Josie Phelps: Saturday
Cloud Dance Festival ‘Showtime’
Saturday 16th November 2013
By Josie Phelps
Anne- Gaelle Thiriot’s ‘Vertigos’ was a work with a pure aura. She reflects truthfulness through conceptual dance by using an intertextuality of linen and raw movement. ‘Vertigos’ speaks to the inner child of the spectator as we travel through her movement embryo that triggers a stange sense of meditation. Her soul creates its own motion within the piece which questions our perception of reality.
Simfra Dance Company’s ‘Don’t Let Me Go’ evoked empowerment within the physical grasp of two men. The upbeat rhythm and slick contemporary energy was very emotionally moving. However the piece has a low atmosphere as we gain an insight into the message these well-trained dancers signify. The grace of the movement has a fearful relationship with the social and political barriers it breaks. It stirs masculinity and raises the question ‘what makes a man?’
‘Moon’ by Quirk immediately irritates the audience. It makes you want to scratch the freckles of your skin for any dirt traceable. The retro ideal of a tramp with a boom box draws upon stereotypes we impose upon the less fortunate, (illustrated by Mikkel Svak through these immediate sensations created in a viewer). Despite the mental groans this hobo upon a suburb forms, a beautiful fire within the eye is created. Real skill is portrayed within Mikkel’s serenade. The lighter details in his projection and swerves of his technique portray a genuine spark of inspiration that spring from darkness.
Declan Whitaker Dance’s ‘Duet’ incorporates a precise connection between both individuals concerning timing. The music envelopes the dance and forms a deep movement communication. Each dancer’s body becomes the mirror image of the other; the expression is cut into scissor like clarity and perfection.
Seven minutes to watch ‘The State In Between’ by Mbulelo Ndabeni is certainly not enough. Much more time should be dedicated for such a subculturally-savoured choreographer. The way he blends elements of classical ballet and richness of soul into his work is powerful and unique. Thriving with grand body language that speaks of individual heritage and identity, he very cleverly creates a relaxed yet innovative composition, which speaks to the last person picked for the team; and raises their spirit high up.

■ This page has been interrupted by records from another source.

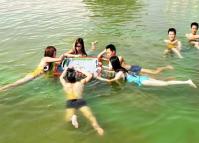 Chengdu Young People Playing Mahjong in Water 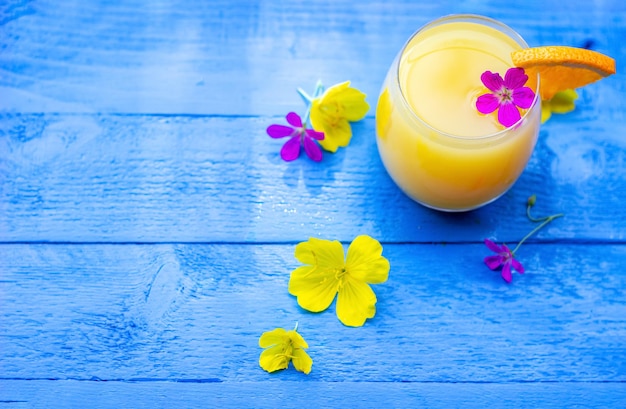 Flat lay of fresh orange juice garnished with a slice of ripe orange and flowers on the blue wooden table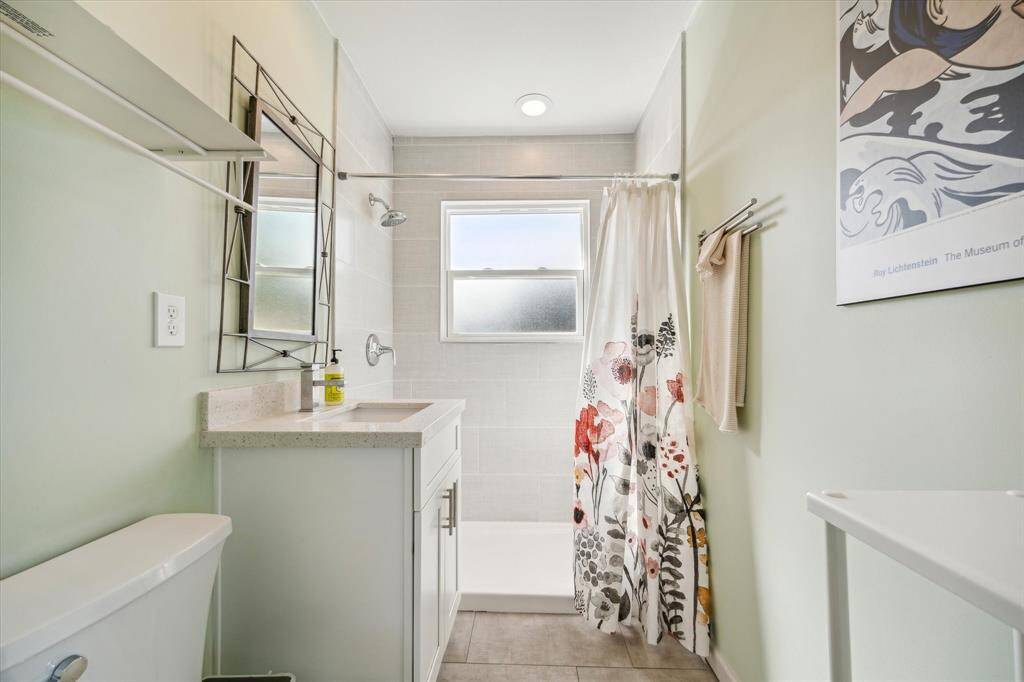 Accessible to guests off of the living room, full bath #3 is complete with Quartz counters topped by a porcelain vessel sink, tile flooring, and walk-in shower.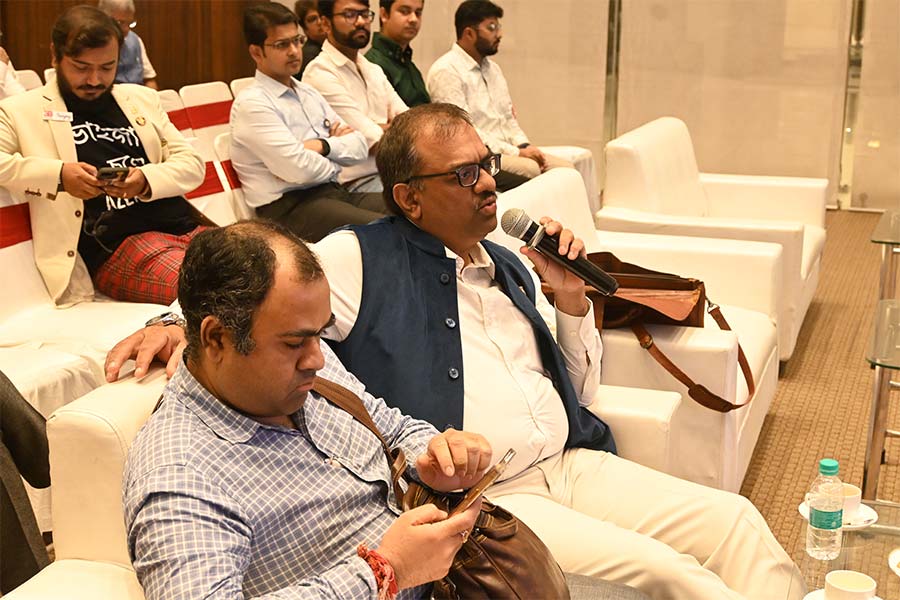 Avishek Auddy, the chairman of Bengal Business Council, interacts with the speakers and audience members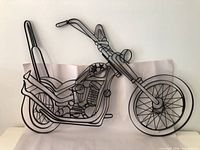 Full view of metal chopper motorcycle wall art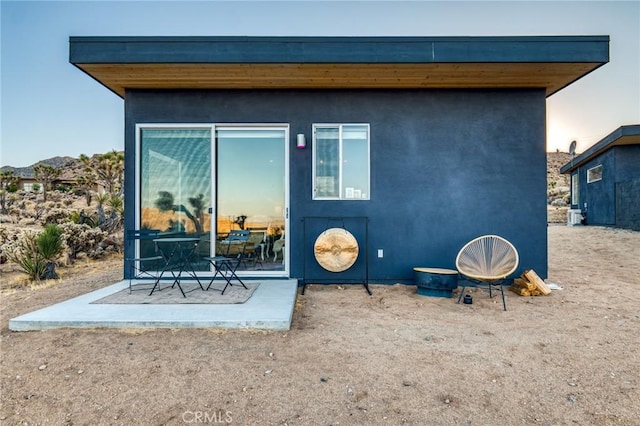 back of house with a patio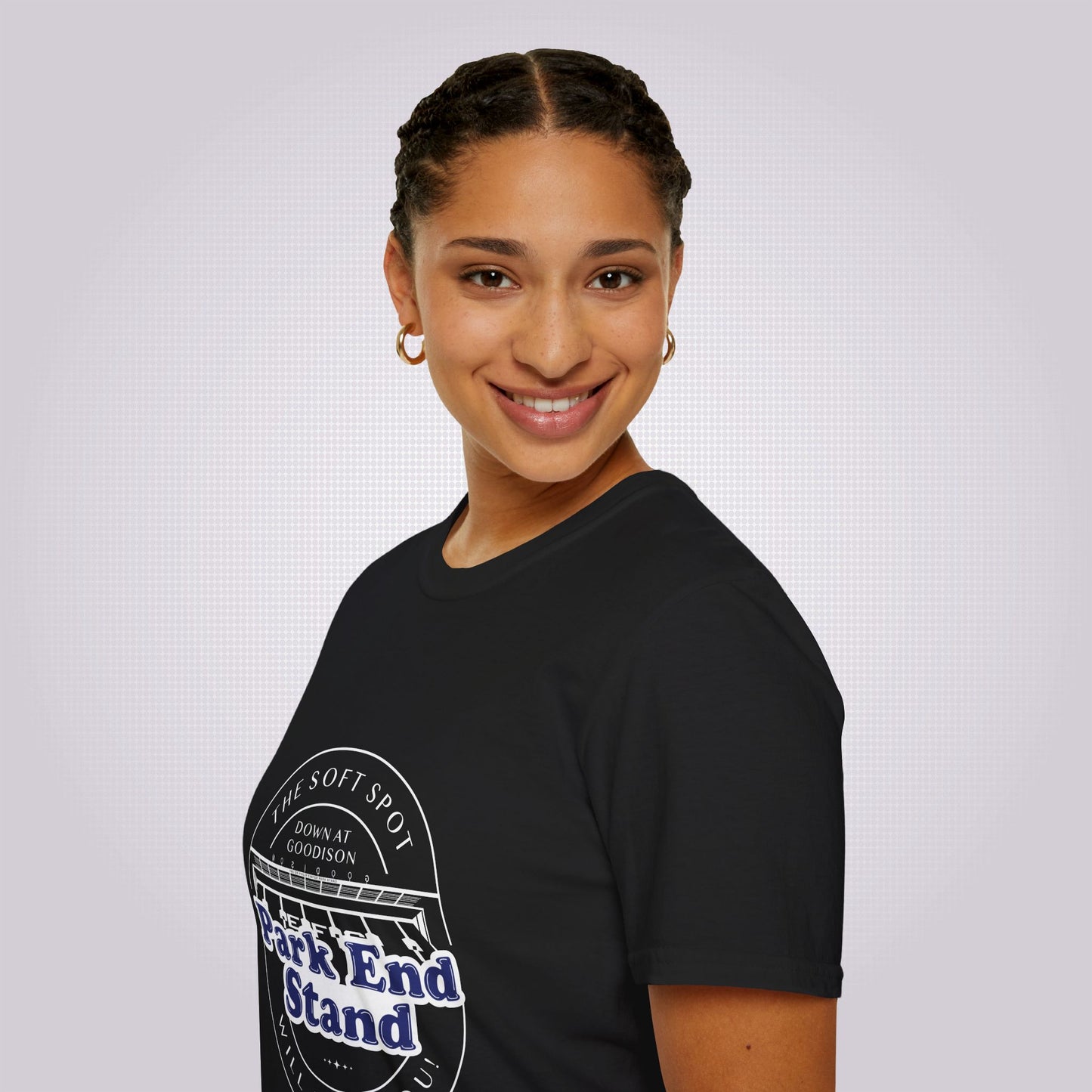 Side profile picture featuring an attractive young mixed race woman in her twenties. She is wearing the black t shirt and her body is facing the left of the screen, but her head is turned to face the camera as she smiles.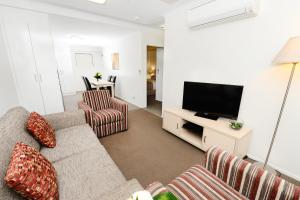 een woonkamer met een bank en een flatscreen-tv bij Oaks Moranbah Suites in Moranbah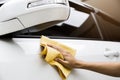 This image is a picture of wiping the car with a yellow microfiber cloth by hand. Royalty Free Stock Photo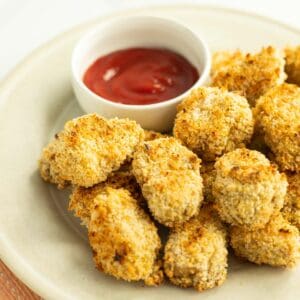 Tofu chicken nuggets on serving plate served with a side of ketchup.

Funnily enough, ‘February 11th 1963’ by Joelene English was the piece I anticipated most upon arrival. However, during the performance I was very shaken up. It is undoubtedly a darker thread of an embodied aspect that expresses the deep emotive power of performance, and indeed art. The ‘Old school’ set is definitely outgrown by Wayne Summerbell, who, as Sylvia Plaths’ estranged husband, thankfully provides a slight lift of pressure and some grounded pull from the demonic portrayal of suicide. Robotic isolations of the body appear out of the blue in Joelene; stumbles and draggings of the leg are witnessed in a possessed show. The tension of the piece continually increases as her disembodiedment remains in focus, and a frightening pair of eyes haunts the viewer as the sound of a grandfather clock ticks. English drew a very powerful work, none the less.
‘Wolfpack’ by John Ross Dance brought copious gratefulness of spirit to the finale of the evening at Cloud Dance Festival. Thank God for the hairy man. In all honesty, a classical piss take of youthful culture is never unappreciated in all ages, race and gender. It takes a timeless quality to impact on the humour of an audience in such a participatory way. Laddish incentives, without fail, question the notion of a ‘Wolf’, and what it is to be a ‘Boy’. John Ross Dance will without a doubt stop you in your tracks. It breaks through the realm of prestige and instead creates an arse-slappingly unforgettable 21 minutes of tear-welling enjoyment.